HANOI/BANDAR LAMPUNG, Indonesia -- Trade in Vietnam’s coffee market ground to a virtual halt due to a lack of beans, while domestic prices in Indonesia fell this week as supplies continued to rise, traders said on Thursday.
Farmers in the Central Highlands, Vietnam’s largest coffee-growing area, sold coffee at 32,000 dong ($1.38) per kg, unchanged from last week.
“There’s almost no coffee left at the moment, so we can’t sign new export contracts for delivery during the rest of the current crop year,” said a trader based in the Central Highlands.
The current 2019/20 crop year will officially end at the end of September and farmers will start the new harvest in October.
September robusta coffee extended its rebound on Wednesday, settling up $17, or 1%, at $1,204 per tonne.
“But the London price is still too low.
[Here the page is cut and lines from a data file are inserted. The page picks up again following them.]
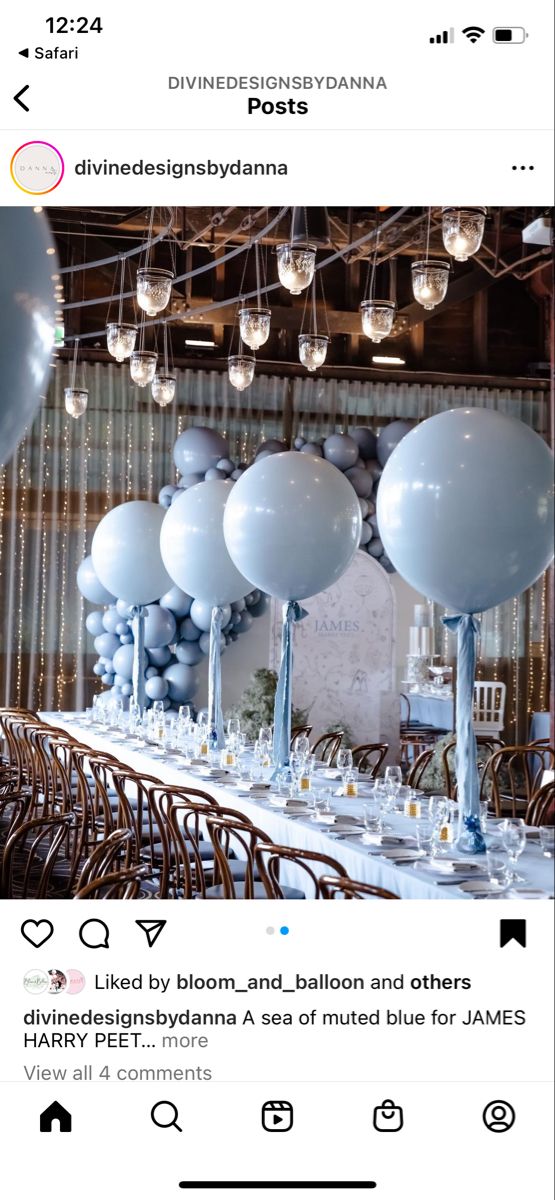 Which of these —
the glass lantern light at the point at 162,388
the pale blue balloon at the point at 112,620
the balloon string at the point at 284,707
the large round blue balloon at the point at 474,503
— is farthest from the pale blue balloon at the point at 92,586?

We could only make gains if it is above $1,250,” the trader said.
Traders in Vietnam offered 5% black and broken grade 2 robusta at $200 premium per tonne for the September contract, down from $240 premium last week.
Meanwhile, Indonesia’s Sumatran robusta beans are traded at $300 premium this week to the September contract, down from last week’s $340 premium, according to a trader in Lampung province.
Higher supply due to harvests has helped keep prices down, aided by a stronger dollar against the rupiah, the trader said.
“Supply has increased this week, we are seeing double incoming beans than the previous weeks,” the trader added.
Another trader said the premium remain unchanged at $350-$370 this week due to stiff competition from local buyers.
Indonesia exported 14,172 tonnes of robusta coffee beans in June from its province of Lampung on the island of Sumatra, trade office data showed on Wednesday.